2024 sure looks like an exciting year for datacenter silicon
Loads of chips from Nvidia, AMD, Intel on the way – and very probably some surprises along the way as well
Comment The new year is already shaping up to be one of the most significant in terms of datacenter silicon we've seen in a while. Every major chip house is slated to refresh their CPU and/or GPU product lines over the coming twelve months.
Nvidia has a slew of new accelerators, GPU architectures, and networking kit planned for 2024. Intel will launch arguably its most compelling Xeons in years alongside new Habana Gaudi AI chips. Meanwhile AMD, riding high on its MI300-series launch, is slated to bring its 5th-gen Epyc processors to market.
In no particular order, let's dig into some of the bigger datacenter chip launches on our radar in 2024. Oh, and if you think we missed one, let us know in the comments or email.
Nvidia's HBM3e-toting H200 AI chips arrive
Among the first new chips to hit the market in 2024 will be Nvidia's H200 accelerators. The GPU is essentially a refresh of the venerable H100.
You might expect the latest chip to offer a performance uplift over its older sibling, yet it won't in the conventional sense. Dig through the spec sheet and you'll see the floating point performance is identical to that of the H100. Instead, the part's performance uplift — Nvidia claims as much as double the perf for LLMs including Llama 70B — is down to the chip's HBM3e memory stacks.
We're promised the H200 will be available with up to 141 GB of HBM3e memory that's good for a whopping 4.8TB/s of bandwidth. With the rise in popularity of LLMs – such as Meta's Llama 2, Falcon 40B, Stable Diffusion and others – memory capacity and bandwidth have an outsized impact on inference performance — namely how big a model can you fit into a single accelerator or server, and how many requests can you handle simultaneously.
As we recently explored in our analysis of AMD and Nvidia's benchmarking debacle, FLOPS aren't nearly as important as memory capacity and bandwidth when it comes to these kinds of AI workloads.
Hopper's replacement arrives with 'Blackwell' architecture
According to an investor presentation in 2023, the H200 won't be the only GPU we see from Nvidia in 2024. In order to cement its leadership, Nvidia is shifting to a yearly release cadence for new chips and the first new part we see from Team Green will be the B100.
As we understand it, the "B" here is short for the microarchitecture's name, Blackwell — presumably a nod to American statistician David Blackwell. We still don't know much about the part other than it's coming in 2024. Our colleagues at The Next Platform have a few thoughts on the B100 here.
As it stands, AMD's newly launched MI300X GPUs not only push more FLOPS than the H200, they have more and faster memory to boot. We can't imagine Nvidia is happy about this, especially considering how defensive the US giant is of late.

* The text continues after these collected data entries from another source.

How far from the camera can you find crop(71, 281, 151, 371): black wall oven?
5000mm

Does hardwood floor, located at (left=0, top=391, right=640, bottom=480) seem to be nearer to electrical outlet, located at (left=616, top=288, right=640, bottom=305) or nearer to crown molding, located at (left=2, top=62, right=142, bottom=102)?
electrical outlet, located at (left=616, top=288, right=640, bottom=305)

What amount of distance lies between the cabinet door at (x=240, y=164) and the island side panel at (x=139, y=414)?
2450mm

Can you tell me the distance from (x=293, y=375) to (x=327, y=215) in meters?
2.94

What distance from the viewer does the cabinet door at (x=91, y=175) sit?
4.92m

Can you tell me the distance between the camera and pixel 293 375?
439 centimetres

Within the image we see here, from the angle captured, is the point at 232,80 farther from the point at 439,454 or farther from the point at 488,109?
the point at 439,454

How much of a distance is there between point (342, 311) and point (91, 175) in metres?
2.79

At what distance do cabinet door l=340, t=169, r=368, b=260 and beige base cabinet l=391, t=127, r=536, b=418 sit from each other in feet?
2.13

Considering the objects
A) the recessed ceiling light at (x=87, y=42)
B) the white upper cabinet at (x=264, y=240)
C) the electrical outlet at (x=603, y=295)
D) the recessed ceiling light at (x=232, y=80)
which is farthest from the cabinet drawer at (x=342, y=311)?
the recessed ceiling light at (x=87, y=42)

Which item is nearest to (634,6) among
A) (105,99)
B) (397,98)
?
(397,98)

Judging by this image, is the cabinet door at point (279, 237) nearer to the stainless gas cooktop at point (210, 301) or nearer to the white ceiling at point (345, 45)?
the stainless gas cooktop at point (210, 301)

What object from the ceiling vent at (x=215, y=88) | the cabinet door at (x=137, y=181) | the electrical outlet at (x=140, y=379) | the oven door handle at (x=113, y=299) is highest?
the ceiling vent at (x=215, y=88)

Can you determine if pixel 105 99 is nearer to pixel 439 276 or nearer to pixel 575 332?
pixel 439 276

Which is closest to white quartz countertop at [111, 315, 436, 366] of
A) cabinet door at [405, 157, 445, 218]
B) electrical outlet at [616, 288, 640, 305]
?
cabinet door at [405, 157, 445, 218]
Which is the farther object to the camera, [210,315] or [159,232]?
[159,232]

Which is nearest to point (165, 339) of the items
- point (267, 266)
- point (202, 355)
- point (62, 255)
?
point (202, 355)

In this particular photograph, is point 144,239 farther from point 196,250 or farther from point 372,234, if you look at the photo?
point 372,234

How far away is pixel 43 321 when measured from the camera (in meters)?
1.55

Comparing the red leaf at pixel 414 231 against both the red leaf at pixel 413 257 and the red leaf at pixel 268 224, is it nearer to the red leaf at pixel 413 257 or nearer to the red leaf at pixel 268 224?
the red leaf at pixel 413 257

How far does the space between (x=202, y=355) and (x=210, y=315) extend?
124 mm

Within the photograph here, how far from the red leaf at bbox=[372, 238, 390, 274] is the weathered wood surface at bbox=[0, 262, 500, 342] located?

Because of this we fully expect the B100 to deliver more FLOPS and more stacks of HBM3e that will push the accelerator's memory capacity and bandwidth to new heights.
Alongside the GPU itself, Nvidia's roadmap includes more CPU-GPU superchips called the GB200 and GB200NVL. Whether these processors will continue to use Arm Neoverse V2-based CPU cores found in the current crop of Grace and Grace-Hopper Superchips, or whether they'll feature some next-gen core, remains to be seen.

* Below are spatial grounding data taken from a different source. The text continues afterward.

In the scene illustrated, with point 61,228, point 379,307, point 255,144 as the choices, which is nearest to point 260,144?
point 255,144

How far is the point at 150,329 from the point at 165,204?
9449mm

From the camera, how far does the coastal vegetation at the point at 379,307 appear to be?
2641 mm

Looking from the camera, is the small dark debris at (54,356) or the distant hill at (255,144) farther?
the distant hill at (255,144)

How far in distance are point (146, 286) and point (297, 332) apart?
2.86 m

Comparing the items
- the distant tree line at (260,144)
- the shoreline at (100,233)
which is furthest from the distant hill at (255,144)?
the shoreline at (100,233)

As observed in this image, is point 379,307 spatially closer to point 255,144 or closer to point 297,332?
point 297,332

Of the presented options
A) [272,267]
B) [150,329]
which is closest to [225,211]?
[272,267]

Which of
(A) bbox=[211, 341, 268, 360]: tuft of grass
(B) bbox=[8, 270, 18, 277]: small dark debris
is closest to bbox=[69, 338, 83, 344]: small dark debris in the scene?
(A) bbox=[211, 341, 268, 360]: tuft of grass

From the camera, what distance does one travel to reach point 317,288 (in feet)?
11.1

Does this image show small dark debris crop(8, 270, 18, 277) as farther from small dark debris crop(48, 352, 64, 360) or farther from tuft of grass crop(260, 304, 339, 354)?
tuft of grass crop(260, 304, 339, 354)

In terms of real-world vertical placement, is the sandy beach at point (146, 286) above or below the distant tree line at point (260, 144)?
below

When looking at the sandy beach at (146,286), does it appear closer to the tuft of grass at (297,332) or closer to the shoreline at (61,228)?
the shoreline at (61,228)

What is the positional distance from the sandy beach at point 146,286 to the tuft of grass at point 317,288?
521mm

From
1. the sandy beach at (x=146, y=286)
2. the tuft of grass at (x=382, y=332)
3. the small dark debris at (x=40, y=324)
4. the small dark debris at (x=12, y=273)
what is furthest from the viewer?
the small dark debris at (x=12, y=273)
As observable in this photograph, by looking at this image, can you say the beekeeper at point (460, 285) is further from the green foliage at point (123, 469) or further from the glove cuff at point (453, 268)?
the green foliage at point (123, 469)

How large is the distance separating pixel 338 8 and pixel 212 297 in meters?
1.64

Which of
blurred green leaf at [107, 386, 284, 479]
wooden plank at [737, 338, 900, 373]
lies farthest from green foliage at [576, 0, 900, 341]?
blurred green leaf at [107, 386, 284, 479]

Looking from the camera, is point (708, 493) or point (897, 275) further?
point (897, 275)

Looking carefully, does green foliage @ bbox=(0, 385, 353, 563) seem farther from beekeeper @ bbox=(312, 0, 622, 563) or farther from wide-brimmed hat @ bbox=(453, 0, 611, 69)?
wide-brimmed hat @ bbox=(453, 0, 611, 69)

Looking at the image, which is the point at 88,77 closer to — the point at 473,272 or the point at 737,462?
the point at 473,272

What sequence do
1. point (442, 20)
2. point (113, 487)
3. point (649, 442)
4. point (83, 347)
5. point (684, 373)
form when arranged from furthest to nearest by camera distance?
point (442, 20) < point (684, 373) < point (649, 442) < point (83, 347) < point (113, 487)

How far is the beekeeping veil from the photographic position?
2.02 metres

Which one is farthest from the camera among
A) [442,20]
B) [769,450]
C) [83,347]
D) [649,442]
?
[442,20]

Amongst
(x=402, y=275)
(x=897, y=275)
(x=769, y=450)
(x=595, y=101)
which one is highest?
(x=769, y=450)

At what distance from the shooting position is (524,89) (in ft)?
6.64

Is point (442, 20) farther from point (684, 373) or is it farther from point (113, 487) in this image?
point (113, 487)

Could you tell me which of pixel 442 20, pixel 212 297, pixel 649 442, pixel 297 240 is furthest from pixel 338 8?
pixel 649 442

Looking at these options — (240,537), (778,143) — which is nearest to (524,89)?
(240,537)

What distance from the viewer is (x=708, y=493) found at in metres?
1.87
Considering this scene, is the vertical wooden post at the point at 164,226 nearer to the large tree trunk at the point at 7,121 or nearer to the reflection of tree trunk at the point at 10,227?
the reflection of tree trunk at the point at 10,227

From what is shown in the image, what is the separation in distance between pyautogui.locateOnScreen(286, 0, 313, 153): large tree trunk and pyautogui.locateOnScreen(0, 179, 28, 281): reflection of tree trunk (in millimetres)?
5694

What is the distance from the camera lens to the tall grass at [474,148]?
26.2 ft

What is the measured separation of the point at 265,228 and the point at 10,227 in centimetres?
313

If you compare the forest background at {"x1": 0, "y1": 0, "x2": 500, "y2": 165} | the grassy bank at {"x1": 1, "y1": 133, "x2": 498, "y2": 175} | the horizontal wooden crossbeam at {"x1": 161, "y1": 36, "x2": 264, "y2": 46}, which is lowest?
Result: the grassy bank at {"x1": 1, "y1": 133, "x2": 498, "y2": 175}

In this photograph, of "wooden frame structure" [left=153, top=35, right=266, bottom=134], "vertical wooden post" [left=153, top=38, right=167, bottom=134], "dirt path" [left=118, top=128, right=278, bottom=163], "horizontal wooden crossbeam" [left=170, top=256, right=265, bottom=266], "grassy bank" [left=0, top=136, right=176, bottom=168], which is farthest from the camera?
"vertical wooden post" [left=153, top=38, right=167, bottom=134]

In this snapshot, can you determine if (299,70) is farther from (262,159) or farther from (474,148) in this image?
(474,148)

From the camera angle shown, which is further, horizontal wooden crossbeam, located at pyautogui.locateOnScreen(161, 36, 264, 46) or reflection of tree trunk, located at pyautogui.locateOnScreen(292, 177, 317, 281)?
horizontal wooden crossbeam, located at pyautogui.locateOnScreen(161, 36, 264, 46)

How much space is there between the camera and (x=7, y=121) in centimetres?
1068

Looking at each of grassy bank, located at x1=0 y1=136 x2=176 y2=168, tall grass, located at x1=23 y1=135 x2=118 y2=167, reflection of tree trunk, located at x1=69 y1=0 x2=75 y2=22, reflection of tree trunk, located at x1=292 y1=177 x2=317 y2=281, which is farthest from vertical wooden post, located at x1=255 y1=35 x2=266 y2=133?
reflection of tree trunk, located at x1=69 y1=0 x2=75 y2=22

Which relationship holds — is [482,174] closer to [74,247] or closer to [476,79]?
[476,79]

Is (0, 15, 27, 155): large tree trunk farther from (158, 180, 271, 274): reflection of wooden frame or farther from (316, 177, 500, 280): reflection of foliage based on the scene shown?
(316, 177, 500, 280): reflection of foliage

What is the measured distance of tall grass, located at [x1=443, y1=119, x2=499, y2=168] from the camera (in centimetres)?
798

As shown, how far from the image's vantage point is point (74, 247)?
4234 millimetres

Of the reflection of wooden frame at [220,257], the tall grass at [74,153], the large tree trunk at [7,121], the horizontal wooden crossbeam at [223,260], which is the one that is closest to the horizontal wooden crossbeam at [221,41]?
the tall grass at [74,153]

Then there's the B40. Historically these sorts of cards have targeted smaller enterprise workloads that can run within a single GPU. The part will replace the L40 and L40S and consolidate Nvidia's enterprise GPU lineup under a single overarching architecture.
Arguably the most interesting component of Nvidia's accelerated roadmap has to do with networking. Nvidia is looking to move to 800Gb/s connectivity with Blackwell, though as we've previously explored, this presents some unique challenges on account of PCIe 5.0 being nowhere near fast enough and PCIe 6.0 still being a little ways off.

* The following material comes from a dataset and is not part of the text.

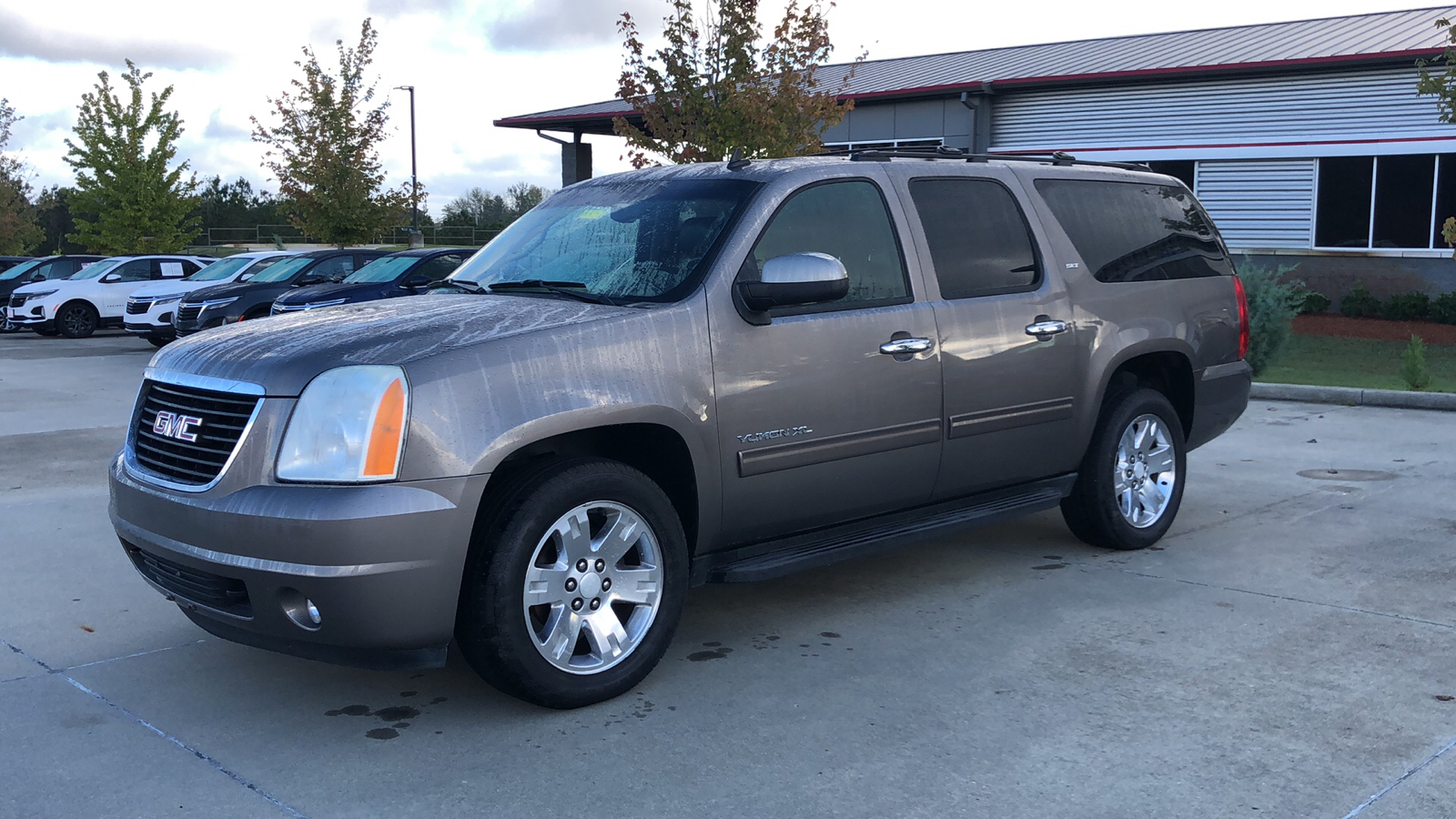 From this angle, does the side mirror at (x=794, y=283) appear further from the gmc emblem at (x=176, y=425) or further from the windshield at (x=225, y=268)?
the windshield at (x=225, y=268)

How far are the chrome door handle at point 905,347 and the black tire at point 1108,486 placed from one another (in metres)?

When we might see these Blackwell cards is still up in the air, but, if history is anything to go by, we may not have to wait that long. Nvidia has a long history of pre-announcing accelerators months (and admittedly sometimes years) before they're actually available for purchase.
Nvidia was teasing its Grace-Hopper Superchip in early 2022, but as we understand it, those parts are only now making their way into customers hands. So, we could have more details on the Blackwell-based parts as early as GTC.
Intel rings in new year with an all-new accelerator of its own
Keeping with the topic of accelerators, Intel is slated to reveal its third-gen Gaudi AI chips sometime in 2024.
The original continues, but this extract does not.